Lem pocketed the mirror, slid down the dragon's paw and ducked under its head. The red scale glowed like a hand-sized drop of blood. He reached high, sliced it off with his long sword and put it in his pocket.

A moment later two Enkidu slunk sniffing and snuffling into the cavern. They did not see him but by the way they were testing the air, Lem knew they soon would. He unslung Swift's bow, slotted an arrow into its bowstring and waited.

A triumphant boom from the lead Enkidu signaled to the other that he had the scent and they both turned towards him.

Lem let loose the arrow which sped across the cavern embedding its sharp head in the Enkidu's hairless throat.

The creature's bellowing and thrashing covered Lem's dash along the dragon's frozen body to hide beneath its broken wing. His next arrow hit the other Enkidu in the neck but its thick fur saved it. Another three skull-headed creatures entered the cavern.

Outnumbered, Lem made a run for the stream and the chasm, reaching it just as its entrance was blocked by a wall of ice. He felt for the snapdragon buds in his pocket, and threw a handful at the wall which shattered.

He leapt through just as a snarling Lord Shamash bounded past him. The blue-eyed wolf attacked the lead Enkidu, giving Lem time to fit another arrow into his bow. This one pierced the Enkidu's eye causing it to stagger backwards into a second Enkidu which tripped up a third.

`Run!' Lord Shamash ordered. `Take any tunnel to the left. The Enkidu will not follow you onto the glacier. Daylight hurts their eyes. Find your friends. And keep them out of the seagull caves; they do not all have dead ends.'

`Thank you,' Lem said, and then sprinted along a narrow tunnel. Somewhere behind him he could hear the Enkidu galloping along the same tunnel. Their hollow booming and angry grunts made his heart beat so fast he thought it would burst from his heaving chest.

Then he saw the ice pyramid which had formed from the tiny specks of ice falling through a crack so high up it looked like a pin prick in the glacier above.

He skidded to a halt and began digging into the side of the pyramid. His hands were soon numb but he kept burrowing. He then rolled into the hole and scraped ice across the opening, leaving enough space to breathe through.
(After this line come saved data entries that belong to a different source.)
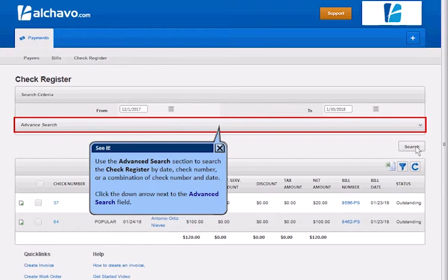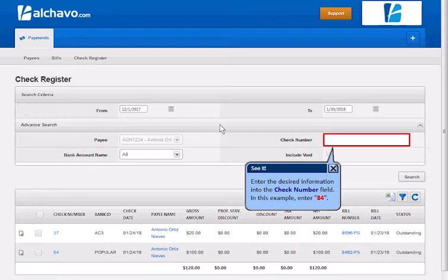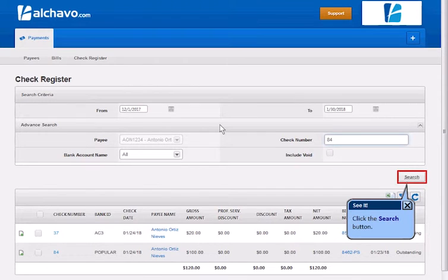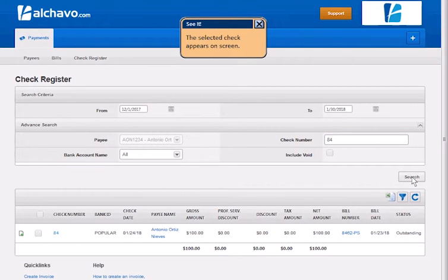Click the down arrow next to the Advanced Search field. Enter the desired information into the Check Number field, then click the Search button. The selected check appears on screen.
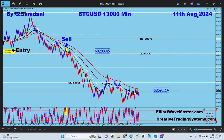Hello everyone, Sam here from creativetradingsystem.com making this video about last week's weekly recap and trades taken. Today is Friday 9 p.m., trading is closed, so I'm making this recap video now.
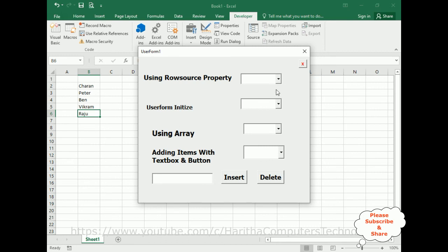In this video tutorial I have explained how to add items into a combo box using a user form in different methods, and also showed the dynamic functionality using text box and button controls. Thanks for watching — please subscribe to my channel. Catch you in my next video tutorial.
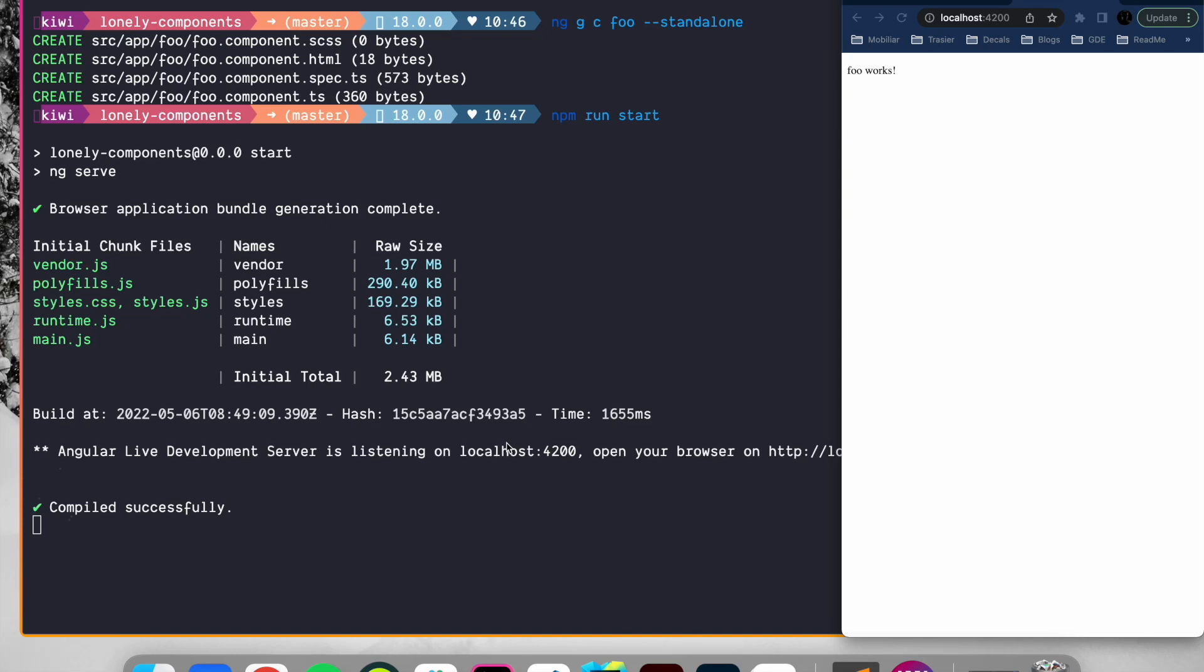In the previous video we used schematics to generate a standalone component. We then used this component in our application. But as mentioned, it was eagerly loaded. And in this video we will explore how we can lazy load the foo component.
He clutched Chad's bow and arrows, and his bag with the precious dragon's scale inside. He hoped the Enkidu wouldn't smell him, or see him through the ice, and wouldn't hear his heartbeat.

Seconds later three male Enkidu lumbered past without giving the snow pyramid a second glance. Lem stayed hidden as long as his freezing body could stand it, then he burrowed out again.